I don’t know if the price has been raised on these violas or not. You’d have to call and check. In my group there is about one of each corresponding violin size, which the parents wait for, and then sell to each other at the same price they bought it for. Because of this, I haven’t ordered new ones in a while. At one point I ordered 5, which were shipped by the regular mail to me, for five students needing one, and there have been a handful more ordered, but we’ve been trading those around to each other since.

We have a great local shop that’s always come up with high tension strings for the instruments. In fact I think Dominant is making high tension short strings now, but it’s been a while since I’ve been the one to buy them, so I am not sure about this. You should call your luthier.

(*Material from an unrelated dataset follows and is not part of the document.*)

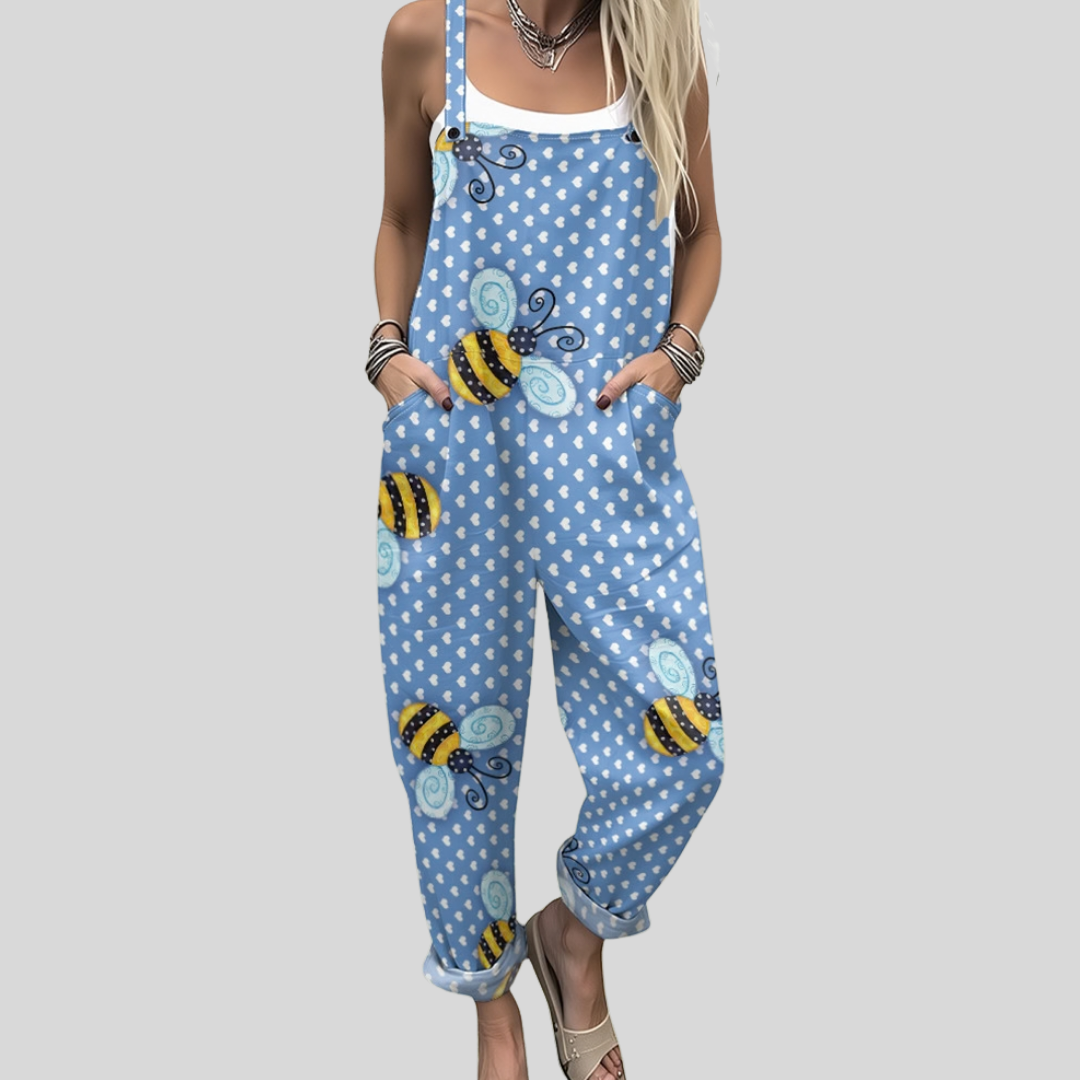 Latzhose mit Bienen Hellblau von Stefanie Berlin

Oh and the hole-in-the-heart. Not for me. I bought a ‘doctored’ cheap Eastman when I first heard of this and it was simply awful sounding compared to regular violins and to the Sabatier violas.

Hope this helps!
Catherine

Lauren said: Aug 13, 2012
Lauren Lamont
Suzuki Association Member
Violin, Viola
Edmonds, WA
33 posts

I’ve had couple viola students with hole in the heart small violas and their violas sounded terrific. I wonder if Luthier technique varies greatly on this. Dorothy Smith in Bellingham, WA, Allegro Strings, does a great job on these.

Sent from my iPhone

Jennifer Visick said: Aug 13, 2012
Jennifer VisickForum Moderator
Suzuki Association Member
Viola, Suzuki in the Schools, Violin
998 posts

The luthier who does the hole-in-the-heart conversion for us is Jim Brown in Claremont, CA (www.jbviolin.com). So far we are very pleased with every conversion he’s done—they all sound better than before; the C string speaks quite well for tiny instruments.

Just to be clear, we’re talking about a small hole in the top of the instrument (slightly larger in diameter than the soundpost), right under the treble foot of the bridge, and a (longer) soundpost is then glued to the treble foot of the bridge, without touching the sides of the hole.

Maybe it only works for certain instruments. Or, as Lauren says, perhaps luthier techniques vary quite a bit… Oh, and we’re also talking smaller than 12 inch instruments—I understand the “this is better C-string tone” effect gradually disappears as the instrument gets larger.